→ WHAT IS EXPECTED:
Reproduce, without alteration, every line of the data; exclude the images.

→ PROVIDED MATERIAL:
□ □ □
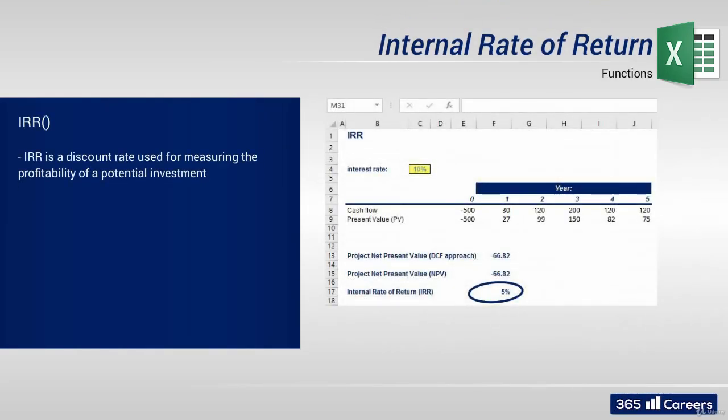Internal rate of return, or most commonly referred to as IRR, is a discount rate used for measuring the profitability of potential investments.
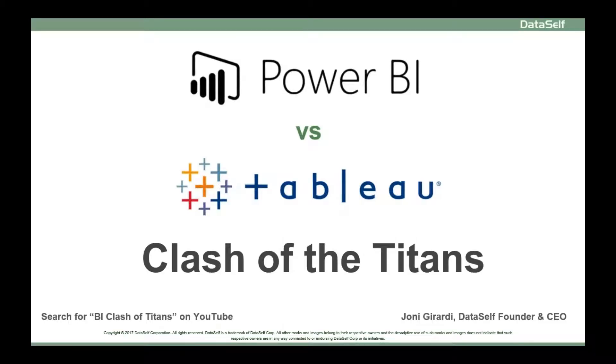Power BI versus Tableau, Clash of the Titans. Let's take a look at important differences between Power BI and Tableau.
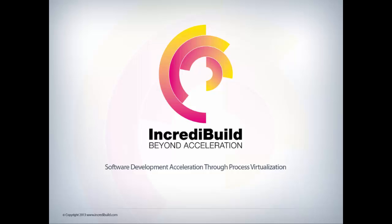In today's video, we will show you how you can use IncrediBuild to accelerate multi-process execution.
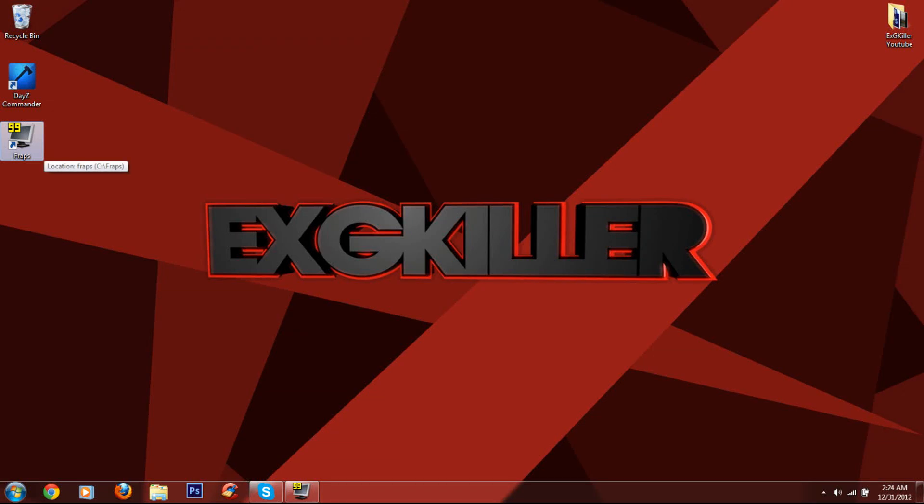Hey, what's going on guys? H.Killer here. So today I'm going to show you how you can decrease the lag in Arma 2 in DayZ.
□ □ □
→ COMPLETED TASK:
Internal rate of return, or most commonly referred to as IRR, is a discount rate used for measuring the profitability of potential investments.
Power BI versus Tableau, Clash of the Titans. Let's take a look at important differences between Power BI and Tableau.
In today's video, we will show you how you can use IncrediBuild to accelerate multi-process execution.
Hey, what's going on guys? H.Killer here. So today I'm going to show you how you can decrease the lag in Arma 2 in DayZ.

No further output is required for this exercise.